El panelista se focaliza en Carlos, el líder de un equipo de personas ciegas entrenadas para catar distintos tipos de alimentos en un laboratorio de análisis sensorial. Su vida entra en crisis por un acontecimiento familiar que pudo haber sido una tragedia y el ingreso de nuevas integrantes al grupo de trabajo. A pesar de la superación de sus limitaciones y haberse integrado perfectamente a la sociedad, tomará autoconsciencia de cómo la ceguera continúa resultando un obstáculo en su vida, siendo el film el retrato de este proceso, no sólo a través de su voz sino también a través de la de sus compañeros y supervisores. El resultado es por momentos inconexo y menos compacto que Fausto también en la definición de su protagonista, pero se permite la audacia estructural en el guión de dar significado a segmentos aislados que actúan de separador en su desenlace -cuando finalmente se refiere a lo que ocurrió con el hijo de Carlos- y juega con algunas variables sensoriales para situarnos en su piel. La más común es el desenfoque, que a pesar de resultar previsible para describir la ceguera, es efectivo.
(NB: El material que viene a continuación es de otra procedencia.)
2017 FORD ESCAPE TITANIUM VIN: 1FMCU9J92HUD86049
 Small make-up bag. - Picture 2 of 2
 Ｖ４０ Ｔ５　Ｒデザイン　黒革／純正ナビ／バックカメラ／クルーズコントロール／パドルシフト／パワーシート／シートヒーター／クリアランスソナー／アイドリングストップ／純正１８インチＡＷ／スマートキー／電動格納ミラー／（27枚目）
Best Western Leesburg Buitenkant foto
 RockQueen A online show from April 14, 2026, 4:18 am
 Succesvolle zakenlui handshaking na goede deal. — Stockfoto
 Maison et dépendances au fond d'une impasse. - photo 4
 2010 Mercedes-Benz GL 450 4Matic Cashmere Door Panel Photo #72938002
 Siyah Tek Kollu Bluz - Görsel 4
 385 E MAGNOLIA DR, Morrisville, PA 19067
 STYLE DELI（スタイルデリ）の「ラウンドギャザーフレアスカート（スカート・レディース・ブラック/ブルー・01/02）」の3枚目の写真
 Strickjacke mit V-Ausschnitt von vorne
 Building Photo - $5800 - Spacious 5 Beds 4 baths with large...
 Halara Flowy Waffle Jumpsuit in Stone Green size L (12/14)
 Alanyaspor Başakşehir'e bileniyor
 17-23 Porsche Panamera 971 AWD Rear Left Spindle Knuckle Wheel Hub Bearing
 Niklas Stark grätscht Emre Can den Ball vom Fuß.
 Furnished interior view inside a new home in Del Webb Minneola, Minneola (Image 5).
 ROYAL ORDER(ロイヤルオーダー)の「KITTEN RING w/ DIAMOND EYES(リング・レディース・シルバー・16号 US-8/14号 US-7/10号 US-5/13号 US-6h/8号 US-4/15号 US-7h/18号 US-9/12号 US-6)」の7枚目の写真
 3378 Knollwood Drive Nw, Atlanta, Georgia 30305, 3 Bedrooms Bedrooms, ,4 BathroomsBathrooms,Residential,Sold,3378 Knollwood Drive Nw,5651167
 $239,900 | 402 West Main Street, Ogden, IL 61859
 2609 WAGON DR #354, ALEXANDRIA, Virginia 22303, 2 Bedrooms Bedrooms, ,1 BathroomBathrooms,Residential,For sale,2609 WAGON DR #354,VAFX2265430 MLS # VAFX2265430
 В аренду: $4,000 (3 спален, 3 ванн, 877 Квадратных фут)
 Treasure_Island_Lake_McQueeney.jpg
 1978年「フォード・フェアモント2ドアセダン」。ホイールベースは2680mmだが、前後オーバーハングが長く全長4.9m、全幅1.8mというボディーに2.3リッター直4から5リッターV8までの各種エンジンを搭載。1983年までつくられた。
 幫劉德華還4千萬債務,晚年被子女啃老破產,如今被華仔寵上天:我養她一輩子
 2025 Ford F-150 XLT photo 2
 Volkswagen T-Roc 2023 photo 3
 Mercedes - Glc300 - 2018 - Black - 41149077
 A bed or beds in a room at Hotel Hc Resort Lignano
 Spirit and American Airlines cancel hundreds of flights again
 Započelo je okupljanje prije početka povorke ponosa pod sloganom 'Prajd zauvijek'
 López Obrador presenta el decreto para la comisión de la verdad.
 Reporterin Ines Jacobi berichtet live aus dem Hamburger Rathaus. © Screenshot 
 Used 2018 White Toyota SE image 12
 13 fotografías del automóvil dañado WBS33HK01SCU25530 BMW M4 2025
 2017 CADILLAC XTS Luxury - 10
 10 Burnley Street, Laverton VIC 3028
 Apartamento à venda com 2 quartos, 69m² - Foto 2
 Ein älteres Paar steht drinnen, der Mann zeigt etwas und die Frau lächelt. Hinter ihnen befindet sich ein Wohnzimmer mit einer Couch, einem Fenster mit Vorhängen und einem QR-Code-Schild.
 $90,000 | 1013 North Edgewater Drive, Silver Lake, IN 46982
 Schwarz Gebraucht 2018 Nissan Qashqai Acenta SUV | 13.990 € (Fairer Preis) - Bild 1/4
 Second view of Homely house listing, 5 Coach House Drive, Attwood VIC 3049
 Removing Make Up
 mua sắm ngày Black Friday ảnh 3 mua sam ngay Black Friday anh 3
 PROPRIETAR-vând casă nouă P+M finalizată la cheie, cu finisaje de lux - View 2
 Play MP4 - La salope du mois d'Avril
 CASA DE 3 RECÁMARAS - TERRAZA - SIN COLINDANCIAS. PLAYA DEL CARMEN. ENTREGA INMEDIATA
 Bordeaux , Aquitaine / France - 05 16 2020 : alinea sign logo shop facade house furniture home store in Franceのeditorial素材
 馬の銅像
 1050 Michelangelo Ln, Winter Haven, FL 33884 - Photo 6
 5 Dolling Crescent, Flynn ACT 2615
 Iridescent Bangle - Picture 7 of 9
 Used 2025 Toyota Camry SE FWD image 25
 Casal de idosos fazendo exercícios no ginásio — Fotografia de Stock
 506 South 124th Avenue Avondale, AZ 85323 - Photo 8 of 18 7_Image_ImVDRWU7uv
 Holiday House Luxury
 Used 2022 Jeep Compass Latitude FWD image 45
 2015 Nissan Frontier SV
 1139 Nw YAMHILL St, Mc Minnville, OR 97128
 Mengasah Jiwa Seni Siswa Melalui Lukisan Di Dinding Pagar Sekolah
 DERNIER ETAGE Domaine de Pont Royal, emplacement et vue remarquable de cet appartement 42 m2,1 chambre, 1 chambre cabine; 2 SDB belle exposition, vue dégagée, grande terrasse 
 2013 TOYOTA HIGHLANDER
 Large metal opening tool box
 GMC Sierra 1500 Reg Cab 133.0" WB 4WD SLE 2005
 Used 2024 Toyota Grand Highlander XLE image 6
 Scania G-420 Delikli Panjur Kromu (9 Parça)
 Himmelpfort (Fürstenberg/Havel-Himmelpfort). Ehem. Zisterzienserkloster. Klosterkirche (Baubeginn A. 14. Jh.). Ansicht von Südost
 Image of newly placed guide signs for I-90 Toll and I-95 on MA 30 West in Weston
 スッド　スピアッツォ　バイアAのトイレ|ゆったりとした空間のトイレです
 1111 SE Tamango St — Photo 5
Repetto se detiene en algunos testimonios que a menudo a través de la voz en off enriquecen la descripción de la vida cotidiana de Carlos, en particular el de su supervisora, que nota los cambios que ha sufrido el protagonista con su grupo de trabajo y amistades. Otros testimonios resultan enriquecedores cuando se los visualiza aisladamente, pero quizá se diluyen en el marco narrativo del film. La poderosa anécdota con la que una compañera de Carlos describe cómo ha perdido la vista es de un valor inobjetable, pero parece tener más que ver con un film coral en su conjunto, sobre el laboratorio de análisis sensorial, que con el protagonista que abre y cierra el documental. Esta es una diferencia importante con Fausto también. A pesar de lo que se menciona, el poderoso epílogo que cierra el film nos recuerda el peso de la historia del protagonista.

Con notable pericia, Repetto logra construir otro documental donde la integración y la superación personal son un tema que resuena con un trabajo de investigación exhaustivo desde lo periodístico y un guión que a pesar de sus irregularidades, termina definiendo a la figura de Carlos con solidez.